We setup a quick (but not minimalistic test environment) to troubleshoot quickly.
It requires the followig:
- A recent version (1.25.2 at the time of this writing) of envoy's binary in your path
- A recent version of coredns in your path
- golang (version 1.18 or above)
- terraform
- A kubernetes running locally (example defaults to microk8s)
Simplifying the requirements of the test is not a high priority at this time, but we can get to it if there is a demand.
To run it:
- Start your dns server locally (run test-setup/dns/run.sh)
- Start etcd in kubernetes mapped with a nodeport (run terraform init && terraform apply in test-setup/etcd)
- Start your upstream server (run test-setup/upstream-server/run.sh)
- Start your envoy control plan (run test-setup/control-plane/run.sh)
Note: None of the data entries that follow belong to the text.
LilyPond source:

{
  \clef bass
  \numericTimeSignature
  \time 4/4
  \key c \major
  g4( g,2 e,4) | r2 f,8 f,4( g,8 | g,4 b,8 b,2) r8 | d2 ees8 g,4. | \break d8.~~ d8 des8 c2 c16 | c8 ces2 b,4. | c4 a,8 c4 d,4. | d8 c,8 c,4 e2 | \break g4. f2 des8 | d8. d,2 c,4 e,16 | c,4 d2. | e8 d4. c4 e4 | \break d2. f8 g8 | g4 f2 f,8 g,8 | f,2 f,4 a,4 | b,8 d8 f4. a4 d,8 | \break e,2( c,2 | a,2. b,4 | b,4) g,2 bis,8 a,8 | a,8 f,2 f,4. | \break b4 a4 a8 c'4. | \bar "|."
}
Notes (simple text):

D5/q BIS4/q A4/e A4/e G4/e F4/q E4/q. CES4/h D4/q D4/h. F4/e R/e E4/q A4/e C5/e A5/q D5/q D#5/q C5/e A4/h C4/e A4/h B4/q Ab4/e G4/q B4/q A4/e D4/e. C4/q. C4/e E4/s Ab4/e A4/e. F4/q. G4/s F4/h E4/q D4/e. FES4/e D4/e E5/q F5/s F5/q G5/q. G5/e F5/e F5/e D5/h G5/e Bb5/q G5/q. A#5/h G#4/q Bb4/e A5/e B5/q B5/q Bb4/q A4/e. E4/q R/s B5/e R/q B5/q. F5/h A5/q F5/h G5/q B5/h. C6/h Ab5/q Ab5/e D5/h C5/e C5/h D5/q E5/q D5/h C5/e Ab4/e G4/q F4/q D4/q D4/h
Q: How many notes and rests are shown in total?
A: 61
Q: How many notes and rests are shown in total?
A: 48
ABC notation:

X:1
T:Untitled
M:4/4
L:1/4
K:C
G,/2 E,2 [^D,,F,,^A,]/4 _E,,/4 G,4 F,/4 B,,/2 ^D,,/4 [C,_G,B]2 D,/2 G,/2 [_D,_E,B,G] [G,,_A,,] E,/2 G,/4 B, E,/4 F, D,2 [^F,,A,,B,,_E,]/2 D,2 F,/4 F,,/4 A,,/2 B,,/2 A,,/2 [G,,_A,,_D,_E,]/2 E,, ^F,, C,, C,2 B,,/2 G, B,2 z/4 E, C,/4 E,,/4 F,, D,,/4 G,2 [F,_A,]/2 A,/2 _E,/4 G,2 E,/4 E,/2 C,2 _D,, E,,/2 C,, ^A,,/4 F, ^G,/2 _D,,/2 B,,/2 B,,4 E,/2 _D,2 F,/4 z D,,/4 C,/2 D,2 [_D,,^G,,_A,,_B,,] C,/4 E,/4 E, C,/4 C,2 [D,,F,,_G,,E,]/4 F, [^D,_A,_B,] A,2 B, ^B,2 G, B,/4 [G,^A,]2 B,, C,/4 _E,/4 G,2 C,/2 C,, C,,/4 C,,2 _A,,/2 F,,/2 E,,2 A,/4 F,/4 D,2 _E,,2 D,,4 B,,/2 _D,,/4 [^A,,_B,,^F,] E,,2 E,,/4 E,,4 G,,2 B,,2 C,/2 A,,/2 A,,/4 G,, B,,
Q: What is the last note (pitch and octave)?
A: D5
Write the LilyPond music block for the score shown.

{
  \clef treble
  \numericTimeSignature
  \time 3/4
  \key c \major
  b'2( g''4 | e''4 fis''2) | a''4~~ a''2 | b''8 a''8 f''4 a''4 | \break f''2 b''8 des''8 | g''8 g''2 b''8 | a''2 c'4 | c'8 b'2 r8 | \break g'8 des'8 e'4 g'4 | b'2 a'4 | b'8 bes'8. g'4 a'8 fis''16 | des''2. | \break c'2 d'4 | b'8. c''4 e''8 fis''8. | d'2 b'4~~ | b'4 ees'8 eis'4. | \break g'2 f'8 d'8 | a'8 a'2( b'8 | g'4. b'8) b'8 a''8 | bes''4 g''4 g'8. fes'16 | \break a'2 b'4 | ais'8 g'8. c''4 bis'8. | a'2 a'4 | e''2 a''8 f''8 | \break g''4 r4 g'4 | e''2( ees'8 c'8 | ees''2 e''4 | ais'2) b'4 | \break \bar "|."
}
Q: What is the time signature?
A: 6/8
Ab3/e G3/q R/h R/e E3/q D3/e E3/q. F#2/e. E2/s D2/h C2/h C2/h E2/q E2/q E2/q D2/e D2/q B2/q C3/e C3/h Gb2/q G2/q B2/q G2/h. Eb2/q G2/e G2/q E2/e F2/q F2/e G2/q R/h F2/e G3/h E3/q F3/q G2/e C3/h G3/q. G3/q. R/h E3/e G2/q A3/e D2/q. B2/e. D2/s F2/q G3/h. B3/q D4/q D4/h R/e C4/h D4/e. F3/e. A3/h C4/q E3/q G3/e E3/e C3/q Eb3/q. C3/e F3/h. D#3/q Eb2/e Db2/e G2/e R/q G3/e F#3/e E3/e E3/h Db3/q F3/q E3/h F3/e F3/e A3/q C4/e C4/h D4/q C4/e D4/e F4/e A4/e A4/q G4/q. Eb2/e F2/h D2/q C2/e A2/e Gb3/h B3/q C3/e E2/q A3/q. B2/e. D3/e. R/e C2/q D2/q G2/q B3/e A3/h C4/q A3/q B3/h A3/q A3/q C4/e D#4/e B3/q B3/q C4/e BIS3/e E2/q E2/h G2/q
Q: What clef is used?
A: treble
- Load configurations for envoy one and two in etcd (run terraform init && terraform apply in load balancer-configs)
- Start your first envoy server (run test-setup/envoy/run.sh)
- Start your second envoy server (run test-setup/envoy/run.sh)
The 5 services of the upstream server will be listening directly on the following endpoints:
127.0.0.1:8081
127.0.0.1:8082
127.0.0.1:8083
127.0.0.1:8084
127.0.0.1:8085
The first 3 services of the upstream http server should be mapped on the following endpoints via the first envoy proxy:
127.0.0.1:9081
127.0.0.1:9082
127.0.0.1:9083
And they should also be mapped on the following endpoints via the second envoy proxy:
127.0.0.1:10081
127.0.0.1:10082
127.0.0.1:10083
You can change the envoy configurations in load balancer-configs, run terraform apply and watch the envoy proxies automatically adjust to the new configuration through the control plane.
Note that there is an additional upstream server (upstream-server-2) that you can start to test health checking adjustments. The second server will bind on 127.0.1.1. The dns server already answers dns queries with the ips of both upstream servers so you've already been validating the health checking on startup, but it never hurts to validate when the server is up and down.